La preuve en est que ça fait une semaine que je ne me suis pas rongé les ongles ! *sourire*
I don’t know where I’m going, but I think I like this path, finding myself a little bite more by every step. Going further inside my mind. Growing and knowing… Stupid do you think? Maybe… But what I know is that it pleases me ! So what the fuck? I do as I like, whether you like it or not. My life remember? Not yours, mine. I don’t know where I’m going, but it’s appeasing me. So that can’t be bad, can it?





































Bah alors ma belle…ça sent la fille qui cogite beaucoup voire trop…on va en reparler très vite de tout ça.
Bisous et fais gaffe à toi quand même.
c’est étrange mais j’entends un cri enfin un espèce de grondement-grognement… pas comme une plainte mais comme une vibration sonore… un cor de chasse… je n’arrive pas bien a expliquer, tant pis.
Niveau santé, ça n’a pas l’air d’être la jouassitude, et je ne sais vraiment pas ce que ça pourrait être. Par contre, je trouve ça pas mal inquiétant que tu ne puisses pas avaler un seul truc!!! :O C’est peut-être une vacherie que t’as attrapé, de ces temps-ci avec l’hiver et tout le fatras, ça serait plausible. Moi, ça m’a prit une semaine réalisé que j’avais attrapé un virus, mais tellement pute que j’étais resté sur les miches pendant une semaine, en plein durant les examen de fin de session! Alors, faut pas que tu traines ça trop longtemps
je voudrais pas qu’il t’arrive quelque chose de grave. En supposant que c’est un truc dans le système qui te fait réagir comme ça?
Pour le reste, je peut te comprendre lorsque tu dis qu’après un certain âge il y a interdiction de rêver… c’est considérer comme un truc pour les cons et comme excuse on se fait dire que « c’est pas ça la vraie vie ». Personnellement, je refuse de croire que la vie soit aussi moche que ce que les gens dit normaux en font quotidiennement… même s’il faut co-habiter avec eux lol
De mon avis, il faut se faire du temps pour soit, ses rêves et ses plaisirs du moment sinon on perd de vue ce qui nous rend entier, comme tu le mentionnait. Il faut apprendre à consolider la vie d’adulte telle que dictée par les cons et puis notre petit jardin secret qui nous permet de carburer et d’être bien… Je n’arrive pas à articuler mieux que ça ce que j’ai en tête jusqu’au bout de mes doigts, mais je croit que tu saisiras l’essentiel
et désolé si mon petit « avis perso » était de trop, hein… je veut pas casser les couilles sur ton blogue!

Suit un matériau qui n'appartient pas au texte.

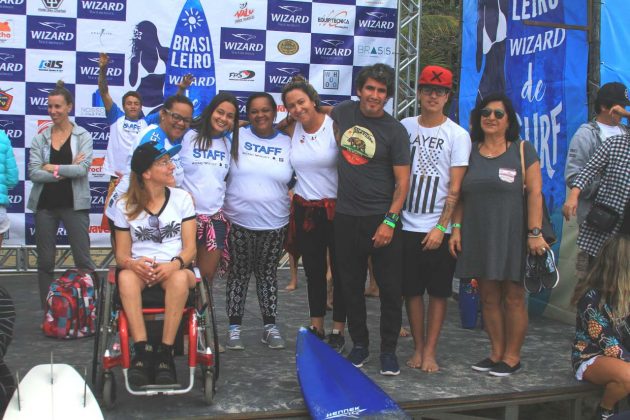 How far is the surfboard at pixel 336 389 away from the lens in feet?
11.6

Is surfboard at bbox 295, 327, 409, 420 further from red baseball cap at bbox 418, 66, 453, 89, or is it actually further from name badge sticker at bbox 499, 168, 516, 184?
red baseball cap at bbox 418, 66, 453, 89

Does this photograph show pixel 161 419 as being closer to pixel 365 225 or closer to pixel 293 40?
pixel 365 225

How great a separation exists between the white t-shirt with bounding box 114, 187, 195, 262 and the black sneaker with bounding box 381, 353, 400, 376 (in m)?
1.27

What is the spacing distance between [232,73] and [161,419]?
4.42m

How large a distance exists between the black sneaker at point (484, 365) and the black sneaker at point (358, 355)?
63 centimetres

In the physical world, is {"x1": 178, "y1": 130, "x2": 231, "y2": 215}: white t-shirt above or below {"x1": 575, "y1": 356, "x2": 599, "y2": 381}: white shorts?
above

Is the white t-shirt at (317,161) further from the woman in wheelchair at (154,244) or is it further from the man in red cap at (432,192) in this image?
the woman in wheelchair at (154,244)

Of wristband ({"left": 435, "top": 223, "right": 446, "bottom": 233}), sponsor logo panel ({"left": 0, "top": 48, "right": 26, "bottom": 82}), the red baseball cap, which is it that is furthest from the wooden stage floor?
sponsor logo panel ({"left": 0, "top": 48, "right": 26, "bottom": 82})

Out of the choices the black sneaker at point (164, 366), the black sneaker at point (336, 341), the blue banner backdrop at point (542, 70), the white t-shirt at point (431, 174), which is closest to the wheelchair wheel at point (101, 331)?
the black sneaker at point (164, 366)

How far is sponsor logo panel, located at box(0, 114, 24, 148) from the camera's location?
268 inches

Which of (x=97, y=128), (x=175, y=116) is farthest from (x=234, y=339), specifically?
(x=97, y=128)

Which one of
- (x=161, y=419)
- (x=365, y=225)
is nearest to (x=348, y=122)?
(x=365, y=225)

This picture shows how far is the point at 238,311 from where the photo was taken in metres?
4.58

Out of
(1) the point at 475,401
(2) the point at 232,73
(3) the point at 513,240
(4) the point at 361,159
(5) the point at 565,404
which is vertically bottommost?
(5) the point at 565,404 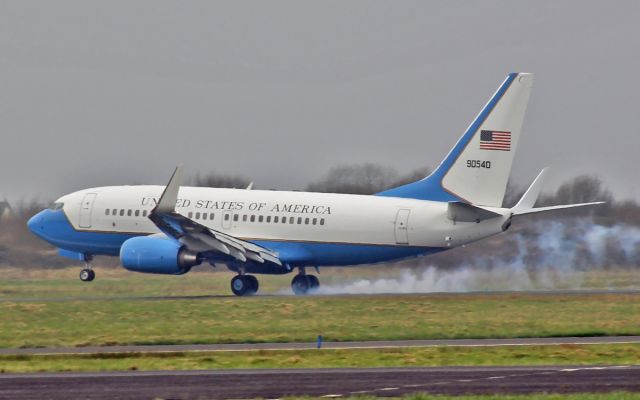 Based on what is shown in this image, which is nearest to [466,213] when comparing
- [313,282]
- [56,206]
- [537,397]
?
[313,282]

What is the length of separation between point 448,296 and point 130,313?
13108 mm

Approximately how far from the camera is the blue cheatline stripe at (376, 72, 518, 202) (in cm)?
5538

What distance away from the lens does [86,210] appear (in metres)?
60.8

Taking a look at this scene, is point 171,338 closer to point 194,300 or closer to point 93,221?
point 194,300

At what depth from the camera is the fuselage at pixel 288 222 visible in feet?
182

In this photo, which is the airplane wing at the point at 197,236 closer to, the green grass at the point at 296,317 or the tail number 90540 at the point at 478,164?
the green grass at the point at 296,317

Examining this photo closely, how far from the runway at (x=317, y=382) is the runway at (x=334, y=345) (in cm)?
570

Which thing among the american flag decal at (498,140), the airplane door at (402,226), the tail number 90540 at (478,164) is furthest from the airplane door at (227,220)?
the american flag decal at (498,140)

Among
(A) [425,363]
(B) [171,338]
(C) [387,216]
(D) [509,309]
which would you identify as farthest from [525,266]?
(A) [425,363]

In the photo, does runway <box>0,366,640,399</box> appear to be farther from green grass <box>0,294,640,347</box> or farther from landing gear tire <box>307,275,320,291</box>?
landing gear tire <box>307,275,320,291</box>

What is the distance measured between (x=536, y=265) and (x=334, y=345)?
2735 cm

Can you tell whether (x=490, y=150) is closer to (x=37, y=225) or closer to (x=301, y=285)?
(x=301, y=285)

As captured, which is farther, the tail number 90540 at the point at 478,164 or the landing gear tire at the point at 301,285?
the landing gear tire at the point at 301,285

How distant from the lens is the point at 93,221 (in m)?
60.4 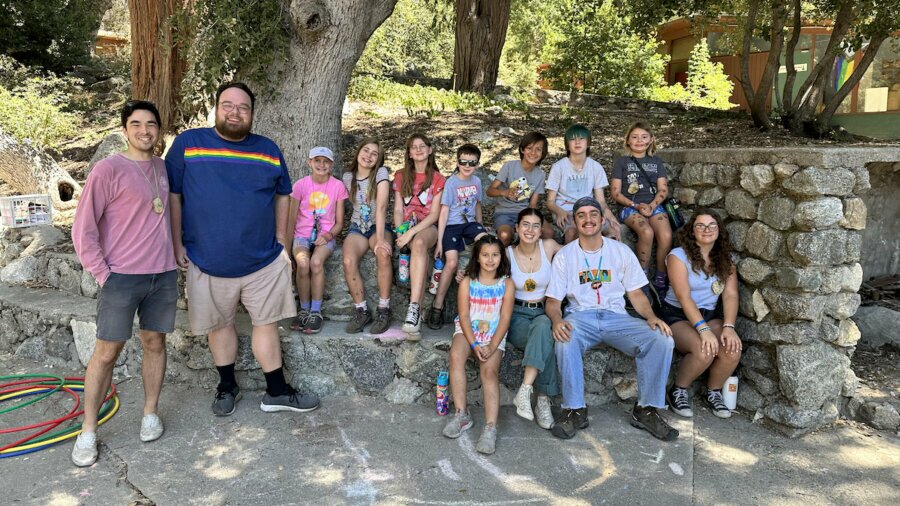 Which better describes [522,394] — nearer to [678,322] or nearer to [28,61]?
[678,322]

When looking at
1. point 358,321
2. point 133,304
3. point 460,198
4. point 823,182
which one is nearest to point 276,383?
point 358,321

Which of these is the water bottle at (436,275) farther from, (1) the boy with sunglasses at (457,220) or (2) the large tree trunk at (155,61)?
(2) the large tree trunk at (155,61)

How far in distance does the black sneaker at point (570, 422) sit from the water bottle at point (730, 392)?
101 centimetres

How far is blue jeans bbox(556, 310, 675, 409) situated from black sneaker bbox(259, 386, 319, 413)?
5.15ft

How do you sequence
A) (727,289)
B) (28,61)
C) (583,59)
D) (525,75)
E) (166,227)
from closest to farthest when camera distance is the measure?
(166,227) < (727,289) < (28,61) < (583,59) < (525,75)

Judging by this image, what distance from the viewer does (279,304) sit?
12.4 ft

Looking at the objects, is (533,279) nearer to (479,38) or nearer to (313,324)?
(313,324)

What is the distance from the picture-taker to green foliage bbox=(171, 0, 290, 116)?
4.71 metres

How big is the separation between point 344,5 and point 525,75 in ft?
62.5

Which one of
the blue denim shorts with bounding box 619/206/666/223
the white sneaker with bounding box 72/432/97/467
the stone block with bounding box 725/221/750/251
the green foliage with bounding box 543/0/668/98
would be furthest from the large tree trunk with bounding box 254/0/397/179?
the green foliage with bounding box 543/0/668/98

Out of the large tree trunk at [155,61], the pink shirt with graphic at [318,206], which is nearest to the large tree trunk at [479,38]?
the large tree trunk at [155,61]

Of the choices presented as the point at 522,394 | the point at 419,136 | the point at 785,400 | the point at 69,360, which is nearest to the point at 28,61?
the point at 69,360

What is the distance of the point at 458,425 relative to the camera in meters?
3.65

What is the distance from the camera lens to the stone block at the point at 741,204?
13.5 ft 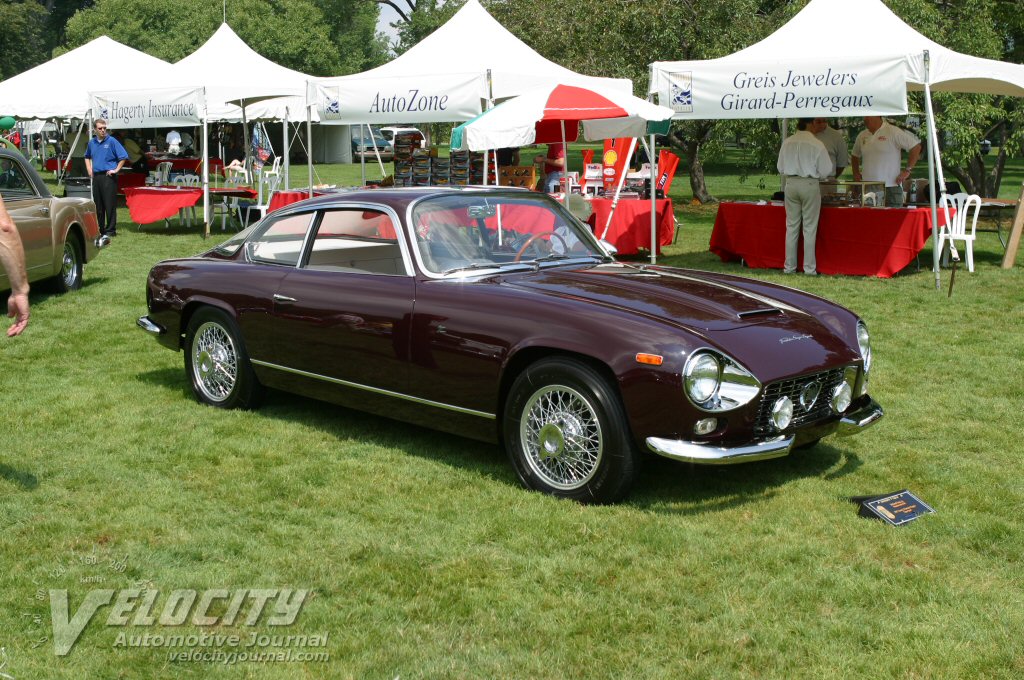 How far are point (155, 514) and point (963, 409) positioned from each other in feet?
16.3

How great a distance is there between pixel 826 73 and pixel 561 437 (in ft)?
27.5

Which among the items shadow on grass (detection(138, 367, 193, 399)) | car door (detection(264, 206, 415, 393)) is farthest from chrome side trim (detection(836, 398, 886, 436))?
shadow on grass (detection(138, 367, 193, 399))

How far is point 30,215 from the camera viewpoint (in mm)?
10680

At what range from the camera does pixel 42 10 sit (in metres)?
66.9

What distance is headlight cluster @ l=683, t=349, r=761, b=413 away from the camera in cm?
467

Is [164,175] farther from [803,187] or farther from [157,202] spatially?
[803,187]

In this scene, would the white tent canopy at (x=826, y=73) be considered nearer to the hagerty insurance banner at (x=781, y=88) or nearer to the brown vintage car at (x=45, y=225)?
the hagerty insurance banner at (x=781, y=88)

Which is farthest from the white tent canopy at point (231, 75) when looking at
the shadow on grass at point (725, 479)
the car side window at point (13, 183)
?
A: the shadow on grass at point (725, 479)

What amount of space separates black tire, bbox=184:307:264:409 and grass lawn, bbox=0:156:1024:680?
0.44 feet

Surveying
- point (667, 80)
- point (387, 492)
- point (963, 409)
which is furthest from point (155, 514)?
point (667, 80)

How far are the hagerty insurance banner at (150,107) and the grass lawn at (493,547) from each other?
11280 millimetres

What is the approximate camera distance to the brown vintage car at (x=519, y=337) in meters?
4.76

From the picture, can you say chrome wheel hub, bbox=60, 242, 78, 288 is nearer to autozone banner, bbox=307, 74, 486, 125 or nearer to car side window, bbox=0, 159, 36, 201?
car side window, bbox=0, 159, 36, 201

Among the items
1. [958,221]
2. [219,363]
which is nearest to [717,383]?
[219,363] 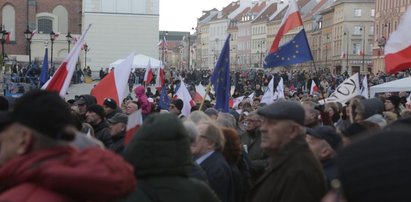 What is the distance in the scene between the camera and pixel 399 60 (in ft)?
35.0

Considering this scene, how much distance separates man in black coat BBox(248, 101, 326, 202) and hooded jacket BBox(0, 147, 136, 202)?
1908 millimetres

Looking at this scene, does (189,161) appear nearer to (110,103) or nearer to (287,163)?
(287,163)

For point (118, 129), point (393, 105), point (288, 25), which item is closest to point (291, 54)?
point (288, 25)

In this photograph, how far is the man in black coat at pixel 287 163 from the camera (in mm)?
4621

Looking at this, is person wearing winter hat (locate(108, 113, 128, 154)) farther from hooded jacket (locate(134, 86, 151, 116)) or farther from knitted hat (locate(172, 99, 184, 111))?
knitted hat (locate(172, 99, 184, 111))

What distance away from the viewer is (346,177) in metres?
2.11

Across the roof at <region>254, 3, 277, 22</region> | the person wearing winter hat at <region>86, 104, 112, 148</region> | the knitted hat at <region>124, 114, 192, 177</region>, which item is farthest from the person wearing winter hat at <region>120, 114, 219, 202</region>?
the roof at <region>254, 3, 277, 22</region>

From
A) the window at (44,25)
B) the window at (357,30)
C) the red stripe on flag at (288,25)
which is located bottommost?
the red stripe on flag at (288,25)

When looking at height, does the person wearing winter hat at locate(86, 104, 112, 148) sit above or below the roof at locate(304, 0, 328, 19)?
below

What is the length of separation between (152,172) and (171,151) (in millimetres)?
137

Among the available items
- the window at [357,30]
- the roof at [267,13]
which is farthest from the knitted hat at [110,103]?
the roof at [267,13]

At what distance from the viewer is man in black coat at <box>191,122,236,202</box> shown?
5.71 meters

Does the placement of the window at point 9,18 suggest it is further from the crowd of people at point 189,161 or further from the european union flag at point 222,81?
the crowd of people at point 189,161

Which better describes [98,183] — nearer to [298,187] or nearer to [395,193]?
[395,193] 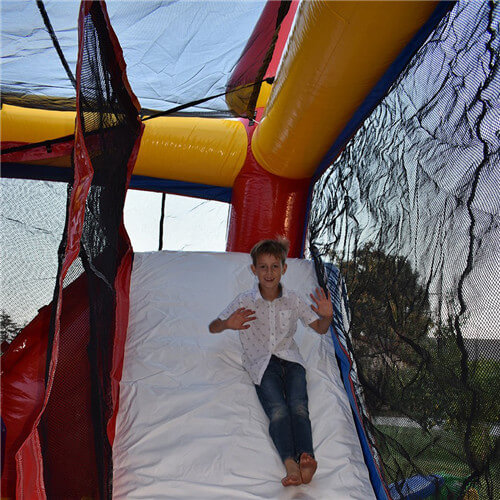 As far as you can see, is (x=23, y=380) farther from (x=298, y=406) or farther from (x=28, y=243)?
(x=298, y=406)

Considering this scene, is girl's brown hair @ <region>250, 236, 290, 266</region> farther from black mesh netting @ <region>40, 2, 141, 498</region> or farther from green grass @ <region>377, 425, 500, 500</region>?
green grass @ <region>377, 425, 500, 500</region>

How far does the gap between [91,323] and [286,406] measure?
804 mm

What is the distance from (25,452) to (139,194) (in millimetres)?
3304

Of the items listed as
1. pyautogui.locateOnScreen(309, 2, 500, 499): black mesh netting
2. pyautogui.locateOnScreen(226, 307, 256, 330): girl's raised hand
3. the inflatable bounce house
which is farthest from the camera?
pyautogui.locateOnScreen(226, 307, 256, 330): girl's raised hand

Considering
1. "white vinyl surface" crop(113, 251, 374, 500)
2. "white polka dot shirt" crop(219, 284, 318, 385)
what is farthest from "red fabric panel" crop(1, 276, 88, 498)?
"white polka dot shirt" crop(219, 284, 318, 385)

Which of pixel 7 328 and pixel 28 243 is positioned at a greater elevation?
pixel 28 243

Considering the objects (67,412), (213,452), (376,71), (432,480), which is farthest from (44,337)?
(376,71)

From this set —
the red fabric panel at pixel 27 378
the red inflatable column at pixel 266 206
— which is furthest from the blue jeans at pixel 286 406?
the red inflatable column at pixel 266 206

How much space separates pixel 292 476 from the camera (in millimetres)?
1707

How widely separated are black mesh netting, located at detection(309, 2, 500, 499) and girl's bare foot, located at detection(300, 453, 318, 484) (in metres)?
0.30

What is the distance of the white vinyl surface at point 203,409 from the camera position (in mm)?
1746

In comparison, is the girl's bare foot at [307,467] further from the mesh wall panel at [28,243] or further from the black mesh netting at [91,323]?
the mesh wall panel at [28,243]

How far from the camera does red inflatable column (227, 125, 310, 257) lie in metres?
3.68

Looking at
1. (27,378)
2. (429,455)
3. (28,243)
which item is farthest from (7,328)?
(429,455) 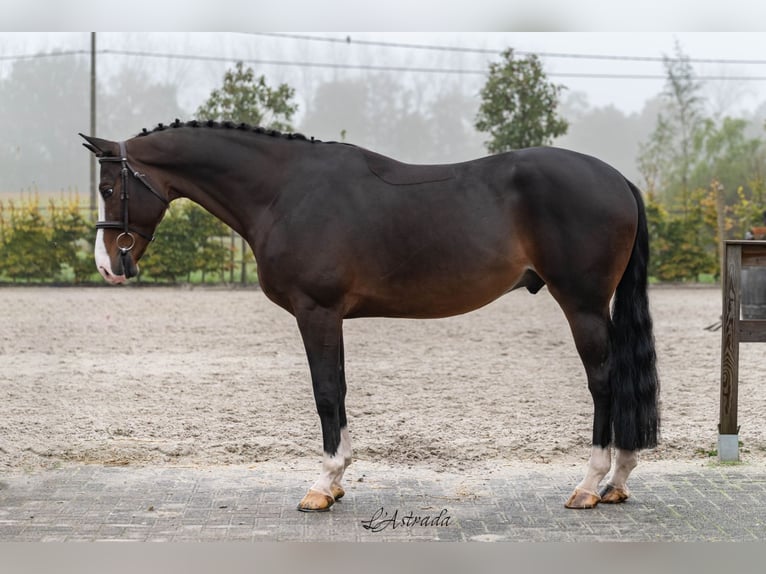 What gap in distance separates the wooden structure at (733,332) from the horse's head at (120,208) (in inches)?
129

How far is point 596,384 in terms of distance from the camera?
4.10 metres

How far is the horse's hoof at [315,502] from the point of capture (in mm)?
3982

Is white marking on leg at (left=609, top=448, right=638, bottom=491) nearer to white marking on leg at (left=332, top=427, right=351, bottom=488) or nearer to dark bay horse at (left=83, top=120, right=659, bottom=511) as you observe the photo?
dark bay horse at (left=83, top=120, right=659, bottom=511)

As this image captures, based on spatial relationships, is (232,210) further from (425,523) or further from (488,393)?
(488,393)

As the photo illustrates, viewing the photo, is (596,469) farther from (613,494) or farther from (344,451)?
(344,451)

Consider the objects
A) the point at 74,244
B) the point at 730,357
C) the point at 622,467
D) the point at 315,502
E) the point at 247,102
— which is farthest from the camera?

Non, je croit que c’est normal d’avoir une crisette « existentielle » (se questionner, être nostalgique, etc.) après un certain temps. Passer le cap où on doit agir comme les autres si on veut survivre un minimum, ça peut devenir relativement pénible… je te l’accorde. Et… bon… tu ne demandais pas l’avis de personne dans ton message mais je t’en glisse un quand même après je retourne me mêler de mes oignons!